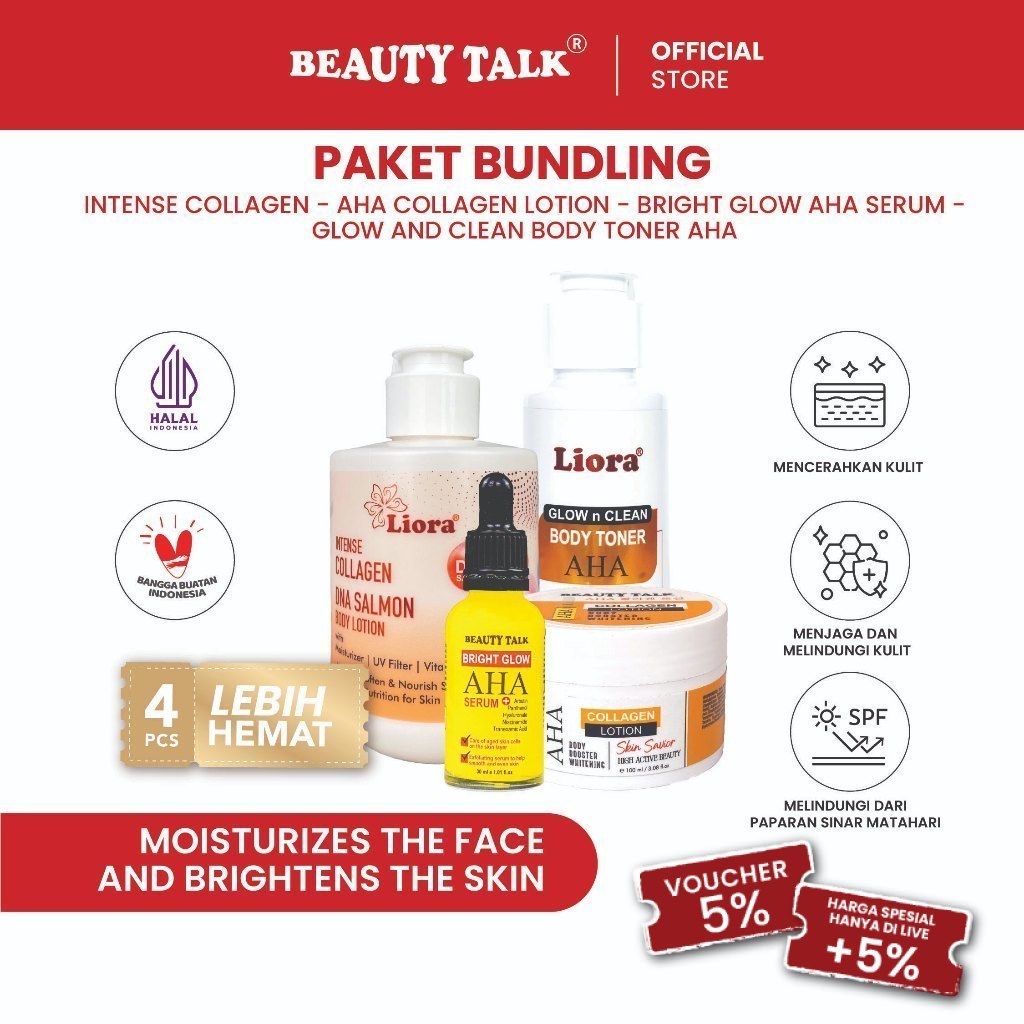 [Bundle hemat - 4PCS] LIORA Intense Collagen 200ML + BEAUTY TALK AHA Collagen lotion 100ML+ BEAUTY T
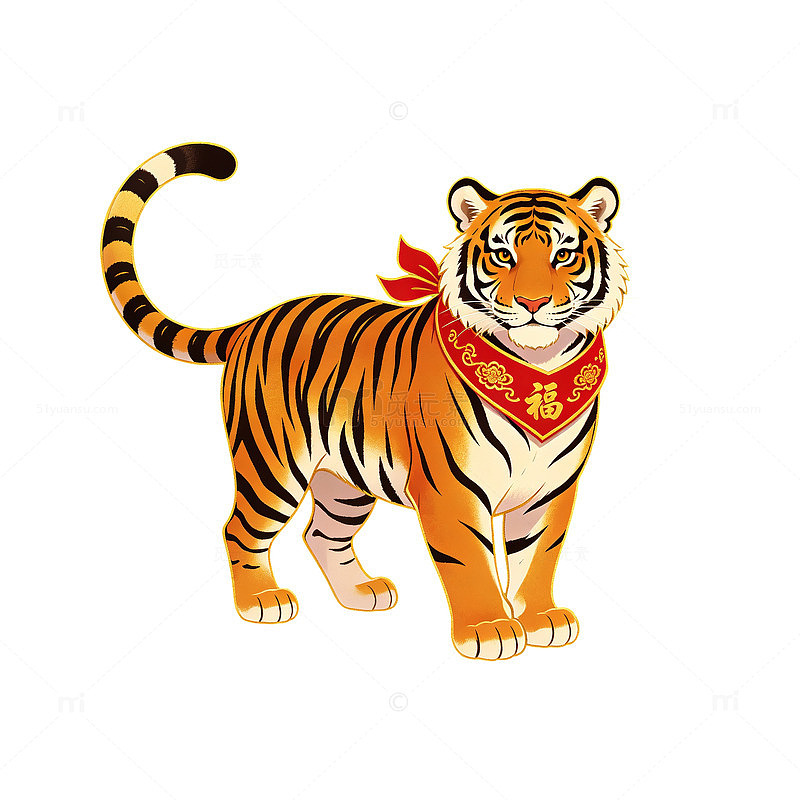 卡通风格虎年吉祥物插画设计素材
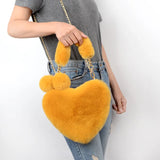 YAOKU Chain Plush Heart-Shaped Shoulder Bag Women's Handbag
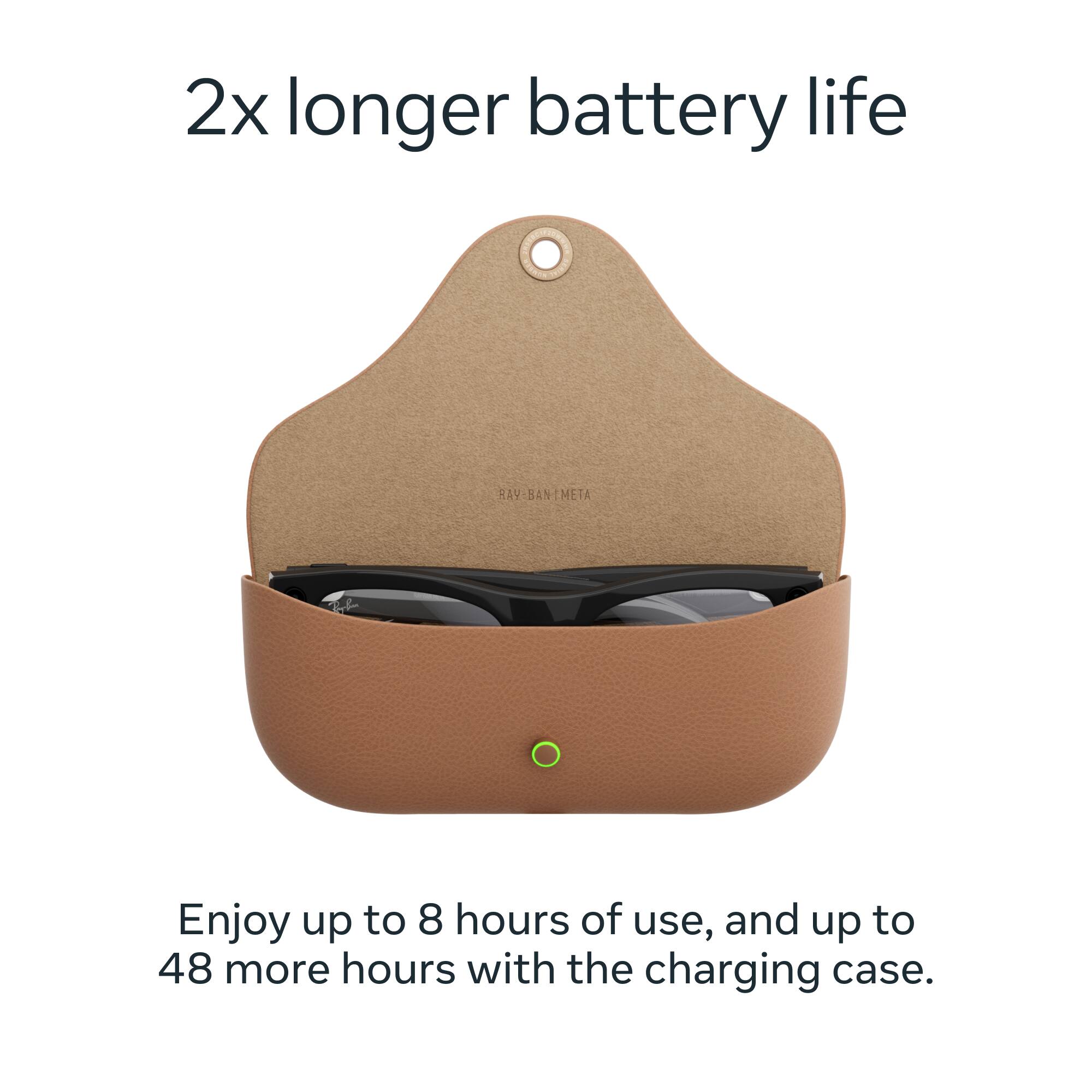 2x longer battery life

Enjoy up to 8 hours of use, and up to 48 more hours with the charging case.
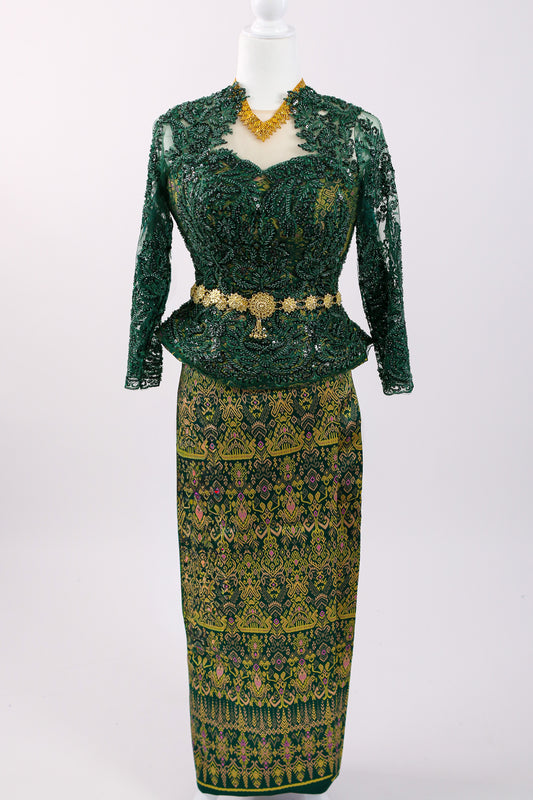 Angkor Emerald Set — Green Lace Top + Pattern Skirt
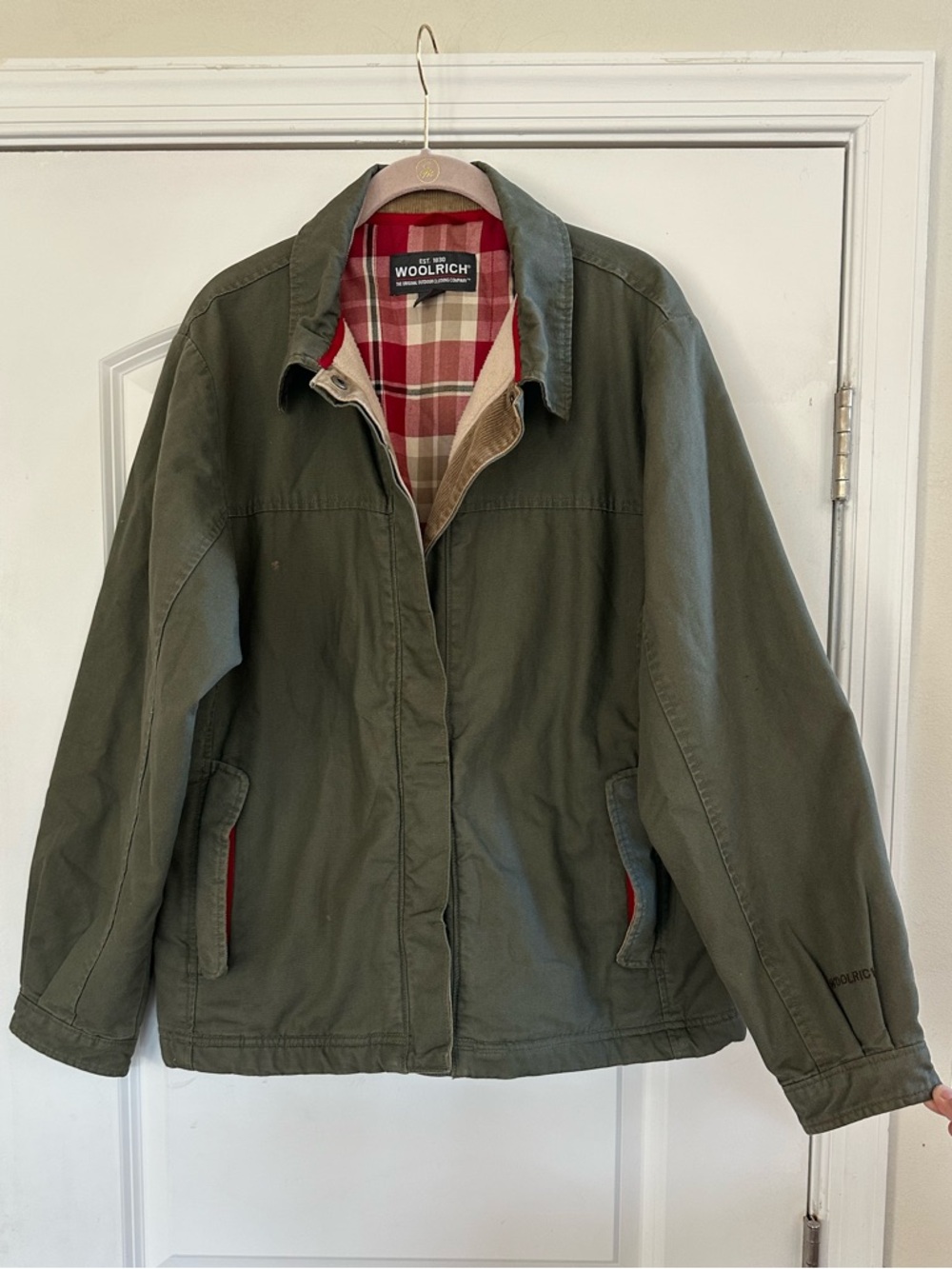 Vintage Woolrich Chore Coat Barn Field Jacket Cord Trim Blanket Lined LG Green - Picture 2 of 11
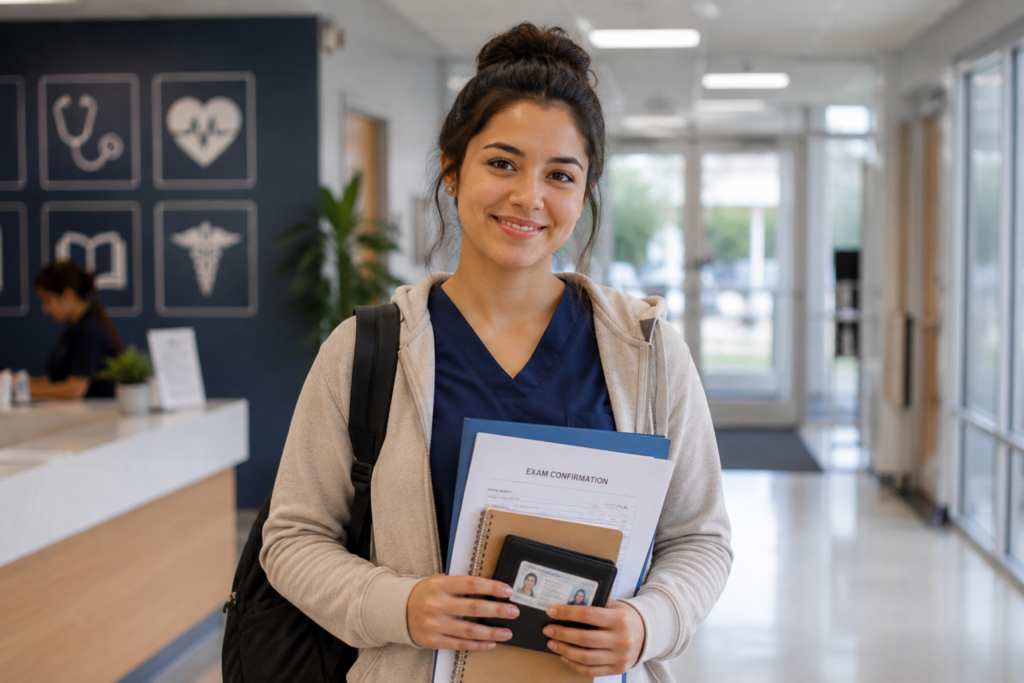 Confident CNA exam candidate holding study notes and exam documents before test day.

-=-=-=-=-

Aim of the exercise ▸
The records above must be output exactly, except for their pictures.

Your response ▸
 [Bundle hemat - 4PCS] LIORA Intense Collagen 200ML + BEAUTY TALK AHA Collagen lotion 100ML+ BEAUTY T
 卡通风格虎年吉祥物插画设计素材
 YAOKU Chain Plush Heart-Shaped Shoulder Bag Women's Handbag
 2x longer battery life

Enjoy up to 8 hours of use, and up to 48 more hours with the charging case.
 Angkor Emerald Set — Green Lace Top + Pattern Skirt
 Vintage Woolrich Chore Coat Barn Field Jacket Cord Trim Blanket Lined LG Green - Picture 2 of 11
 Confident CNA exam candidate holding study notes and exam documents before test day.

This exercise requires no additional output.